The Hurt Locker-Avatar faceoff was complicated by controversy.

First, one of Hurt Locker’s producers, Nicholas Chartier, was denied admission to the ceremony for breaking one of the academy rules against denigrating an opponent: He sent out e-mails to a group of voters asking them to vote for his movie rather than Avatar. Then, just before the voting deadline, an Iraq war veteran named Master Sgt. Jeffrey Sarver filed a lawsuit claiming the movie was based on him and he had not been compensated. There also have been several news stories quoting bomb-disposal experts as saying The Hurt Locker is not authentic.

This year, the academy expanded the nomination list to 10 from five — for the first time since 1943 — partly to broaden the appeal of the Oscars. In the past few years, viewership has fallen: It hit a peak of 55 million when Titanic won the award in 1998, and fell to 32 million who watched No Country for Old Men win in 2008.

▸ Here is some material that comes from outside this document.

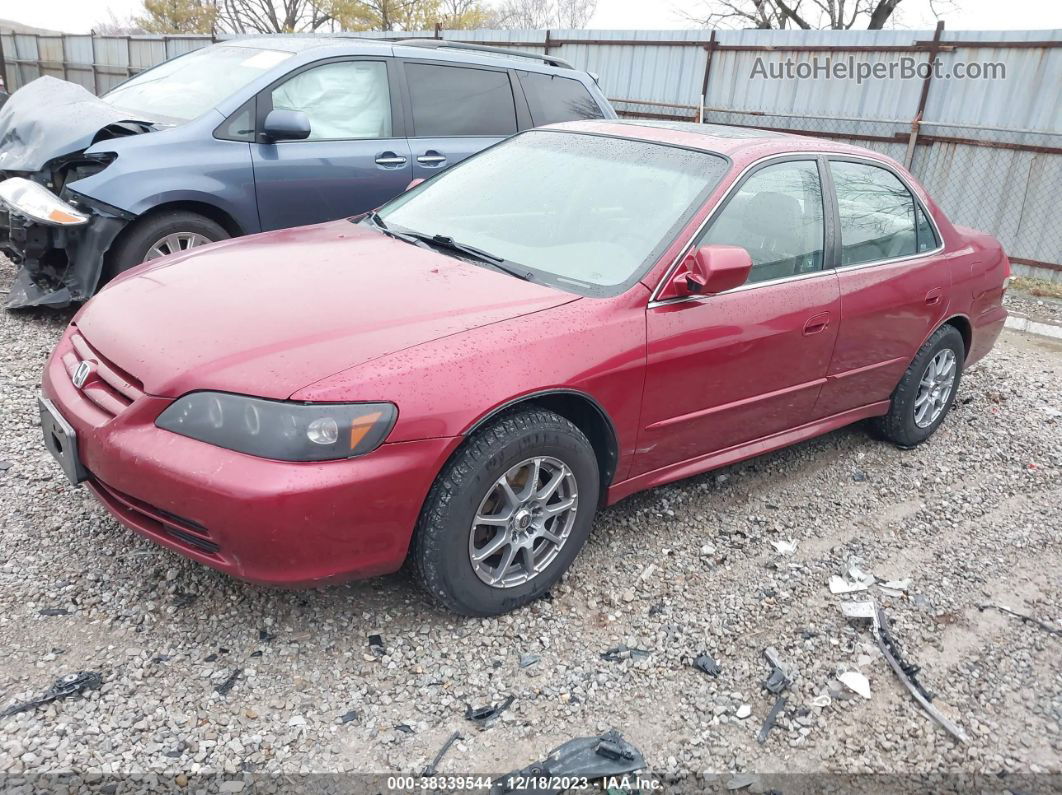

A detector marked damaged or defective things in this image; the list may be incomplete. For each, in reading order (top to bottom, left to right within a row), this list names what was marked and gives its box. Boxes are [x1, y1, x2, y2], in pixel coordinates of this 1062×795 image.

rusty metal post [700, 29, 717, 123]
rusty metal post [904, 20, 947, 168]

The long list of nominees has resulted in a complex voting system, called preferential voting — the kind used in Australian elections — in which the academy’s 5,800 voters mark their ballots in order from one to 10. If no movie gets more than half of the vote, the picture with the lowest vote total is knocked off the list and its second choices are then distributed among the rest. The result is that the winner could be a picture that doesn’t have many first-place votes, but does well as a second or third pick.